Aim of the exercise:
Every entry below must be transcribed exactly, with no line missing.

Data records
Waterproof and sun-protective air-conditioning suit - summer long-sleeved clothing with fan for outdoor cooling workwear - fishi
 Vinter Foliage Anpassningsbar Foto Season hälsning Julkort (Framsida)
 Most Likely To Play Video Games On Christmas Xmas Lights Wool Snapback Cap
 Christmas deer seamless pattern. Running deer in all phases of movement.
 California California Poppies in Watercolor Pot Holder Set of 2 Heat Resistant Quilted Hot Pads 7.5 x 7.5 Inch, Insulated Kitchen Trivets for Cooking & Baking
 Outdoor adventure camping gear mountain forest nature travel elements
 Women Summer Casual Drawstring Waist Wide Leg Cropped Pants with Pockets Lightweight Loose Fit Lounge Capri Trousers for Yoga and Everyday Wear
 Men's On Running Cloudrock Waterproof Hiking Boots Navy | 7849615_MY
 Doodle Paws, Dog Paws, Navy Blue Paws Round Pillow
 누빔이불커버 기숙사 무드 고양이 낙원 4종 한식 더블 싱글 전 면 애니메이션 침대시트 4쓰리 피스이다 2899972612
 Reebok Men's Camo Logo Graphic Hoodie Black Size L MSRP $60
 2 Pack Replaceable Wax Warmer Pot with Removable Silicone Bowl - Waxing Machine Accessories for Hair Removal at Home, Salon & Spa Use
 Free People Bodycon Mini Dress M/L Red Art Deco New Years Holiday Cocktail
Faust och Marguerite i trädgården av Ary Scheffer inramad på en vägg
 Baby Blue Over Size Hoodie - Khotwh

Answer box:
Waterproof and sun-protective air-conditioning suit - summer long-sleeved clothing with fan for outdoor cooling workwear - fishi
 Vinter Foliage Anpassningsbar Foto Season hälsning Julkort (Framsida)
 Most Likely To Play Video Games On Christmas Xmas Lights Wool Snapback Cap
 Christmas deer seamless pattern. Running deer in all phases of movement.
 California California Poppies in Watercolor Pot Holder Set of 2 Heat Resistant Quilted Hot Pads 7.5 x 7.5 Inch, Insulated Kitchen Trivets for Cooking & Baking
 Outdoor adventure camping gear mountain forest nature travel elements
 Women Summer Casual Drawstring Waist Wide Leg Cropped Pants with Pockets Lightweight Loose Fit Lounge Capri Trousers for Yoga and Everyday Wear
 Men's On Running Cloudrock Waterproof Hiking Boots Navy | 7849615_MY
 Doodle Paws, Dog Paws, Navy Blue Paws Round Pillow
 누빔이불커버 기숙사 무드 고양이 낙원 4종 한식 더블 싱글 전 면 애니메이션 침대시트 4쓰리 피스이다 2899972612
 Reebok Men's Camo Logo Graphic Hoodie Black Size L MSRP $60
 2 Pack Replaceable Wax Warmer Pot with Removable Silicone Bowl - Waxing Machine Accessories for Hair Removal at Home, Salon & Spa Use
 Free People Bodycon Mini Dress M/L Red Art Deco New Years Holiday Cocktail
Faust och Marguerite i trädgården av Ary Scheffer inramad på en vägg
 Baby Blue Over Size Hoodie - Khotwh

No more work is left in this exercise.